The new kid on the block at The New York Times, John Tierney, looks like he may become a foil for the papers resident Social Security “expert,” Paul Krugman.
Donald Luskin notes, “After an endless parade of lies from Paul Krugman about how bad reform with personal accounts has been in Chile, Tierney actually got on a plane and checked it out himself…”
He’s so not going to fit in at The Times…
Tierney: The Proof’s in the Pension [NYT]
But at least he’s hitting them up for trips to South America while he can.
I don’t think there is any way he fits in, and that can only be good. Some of the folks at Reason think he’ll be a welcome voice.
I took a whack at the only NYT columinst crazier than Krugman, the lovely, deranged Maureen Dowd in the piece I tracbacked. She is just a perfect representative of her people.
Cordially,
Uncle J
He was a great Metro columnist for them. Very interesting libertarianish voice. I hope he continues.
Good thing Tierney doesn’t work for a university, he’d already be gone.

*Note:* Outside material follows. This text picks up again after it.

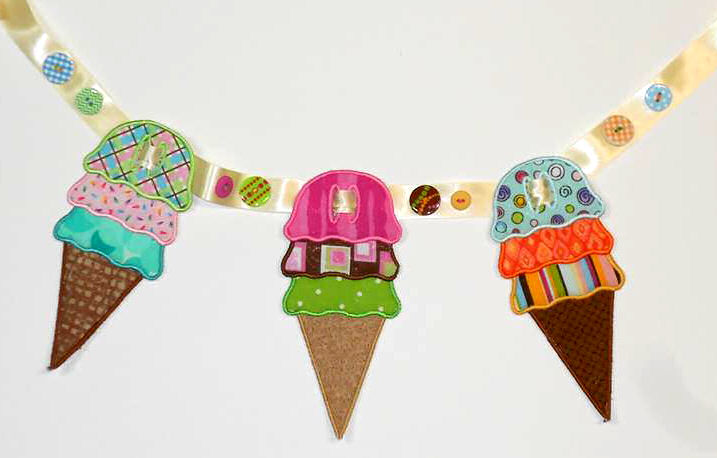 Ice Cream Banner Add On - 3 Sizes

The article makes too much good, old fashioned common sense for the Times.
Let the witch hunt begin…
I wonder if you all just believe what you read or do you actually look for the facts. I find it pretty funny that Tierney wrote in his article “Chileans may someday long for a system like Social Security if the stock market crashes and takes their pension down with it.” How has the market been doing? Some other interesting information. If you just google chilean private accounts you will find tons of info.
For those remaining in the government’s original pay-as-you-go system, the maximum retirement benefit is now about $1,250 a month. The National Center for Alternative Development Studies, a research institute here, calculates that to get that same amount from a private pension fund, workers would have to contribute more than $250,000 over their careers, a target that has been reached by fewer than 500 of the private system’s 7 million past and present contributors.
One other thing.
This leaves many Chileans in a situation that has led to the coining of a phrase: “pension damage.” There is now even an Association of People With Pension Damage, 157,000 members and growing, that consists of Chileans, mostly former government employees, who find that their pensions, based on contributions to the private system, are significantly less than if they had remained in the old system.